Persistent Cohomology and Circular Coordinates

• Published in: Discrete & computational geometry Vol. 45; no. 4; pp. 737 - 759
• Main Authors: de Silva, Vin, Morozov, Dmitriy, Vejdemo-Johansson, Mikael
• Format: Journal Article
• Language: English
• Published: New York Springer-Verlag 01.06.2011; Springer Nature B.V
• Subjects: Algorithms; Combinatorics; Computational Mathematics and Numerical Analysis; Coordinate transformations; Geometry; Mathematical analysis; Mathematical models; Mathematics; Mathematics and Statistics; Nonlinearity; Representations; Smoothing; Strategy; Dimensionality reduction; Persistent homology; Persistent cohomology; Computational topology
• ISSN: 0179-5376; 1432-0444; 1432-0444
• DOI: 10.1007/s00454-011-9344-x

Nonlinear dimensionality reduction (NLDR) algorithms such as Isomap, LLE, and Laplacian Eigenmaps address the problem of representing high-dimensional nonlinear data in terms of low-dimensional coordinates which represent the intrinsic structure of the data.
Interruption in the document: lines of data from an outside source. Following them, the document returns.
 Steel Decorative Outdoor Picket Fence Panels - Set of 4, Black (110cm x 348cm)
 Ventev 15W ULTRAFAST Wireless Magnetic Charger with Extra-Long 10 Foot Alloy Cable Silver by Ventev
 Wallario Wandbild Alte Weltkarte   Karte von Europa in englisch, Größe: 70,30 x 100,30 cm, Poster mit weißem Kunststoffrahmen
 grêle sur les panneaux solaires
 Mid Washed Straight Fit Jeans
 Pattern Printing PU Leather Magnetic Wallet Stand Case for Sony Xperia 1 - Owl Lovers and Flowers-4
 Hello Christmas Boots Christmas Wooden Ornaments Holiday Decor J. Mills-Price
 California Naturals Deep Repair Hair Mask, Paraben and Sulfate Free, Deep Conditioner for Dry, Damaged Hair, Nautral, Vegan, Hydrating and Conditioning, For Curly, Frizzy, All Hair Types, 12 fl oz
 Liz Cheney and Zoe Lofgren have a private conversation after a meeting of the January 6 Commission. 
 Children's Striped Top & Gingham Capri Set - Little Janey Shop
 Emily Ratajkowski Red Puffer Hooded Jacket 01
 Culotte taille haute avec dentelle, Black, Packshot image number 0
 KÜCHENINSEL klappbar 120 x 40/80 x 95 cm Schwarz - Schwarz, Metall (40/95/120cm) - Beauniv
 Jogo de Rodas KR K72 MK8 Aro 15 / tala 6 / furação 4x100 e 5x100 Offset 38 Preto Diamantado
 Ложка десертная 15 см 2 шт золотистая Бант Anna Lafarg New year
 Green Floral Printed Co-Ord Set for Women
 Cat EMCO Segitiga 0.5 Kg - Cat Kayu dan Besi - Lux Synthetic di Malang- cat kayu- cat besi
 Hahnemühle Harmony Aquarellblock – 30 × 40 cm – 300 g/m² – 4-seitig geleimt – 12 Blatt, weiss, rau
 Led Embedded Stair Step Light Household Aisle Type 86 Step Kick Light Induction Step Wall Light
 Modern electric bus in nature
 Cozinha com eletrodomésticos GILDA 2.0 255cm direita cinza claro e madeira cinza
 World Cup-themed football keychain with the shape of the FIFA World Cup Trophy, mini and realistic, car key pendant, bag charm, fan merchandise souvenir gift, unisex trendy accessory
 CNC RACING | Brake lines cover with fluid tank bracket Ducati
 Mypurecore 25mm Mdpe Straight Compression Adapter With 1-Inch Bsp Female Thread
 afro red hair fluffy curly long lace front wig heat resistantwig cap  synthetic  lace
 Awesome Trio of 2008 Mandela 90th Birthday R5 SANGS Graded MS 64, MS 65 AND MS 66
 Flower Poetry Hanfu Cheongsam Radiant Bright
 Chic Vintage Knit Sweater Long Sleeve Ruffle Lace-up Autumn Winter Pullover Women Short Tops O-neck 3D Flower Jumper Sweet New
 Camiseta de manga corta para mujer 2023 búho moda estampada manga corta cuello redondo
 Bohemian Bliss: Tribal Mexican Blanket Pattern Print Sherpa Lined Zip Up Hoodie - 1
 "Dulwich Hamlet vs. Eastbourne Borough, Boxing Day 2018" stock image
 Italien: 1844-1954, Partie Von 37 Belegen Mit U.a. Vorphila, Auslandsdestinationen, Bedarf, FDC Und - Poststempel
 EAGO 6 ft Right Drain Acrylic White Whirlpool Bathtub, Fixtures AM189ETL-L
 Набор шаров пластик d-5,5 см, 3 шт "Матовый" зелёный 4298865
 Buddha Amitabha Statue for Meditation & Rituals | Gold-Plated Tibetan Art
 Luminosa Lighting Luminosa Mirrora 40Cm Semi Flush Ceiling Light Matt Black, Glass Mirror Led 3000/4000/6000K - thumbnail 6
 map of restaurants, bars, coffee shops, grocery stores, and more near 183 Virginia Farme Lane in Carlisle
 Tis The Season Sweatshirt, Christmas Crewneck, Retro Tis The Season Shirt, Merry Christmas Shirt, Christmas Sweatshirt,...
This paradigm incorporates the assumption that real-valued coordinates provide a rich enough class of functions to represent the data faithfully and efficiently. On the other hand, there are simple structures which challenge this assumption: the circle, for example, is one-dimensional, but its faithful representation requires two real coordinates. In this work, we present a strategy for constructing circle-valued functions on a statistical data set. We develop a machinery of persistent cohomology to identify candidates for significant circle-structures in the data, and we use harmonic smoothing and integration to obtain the circle-valued coordinate functions themselves. We suggest that this enriched class of coordinate functions permits a precise NLDR analysis of a broader range of realistic data sets.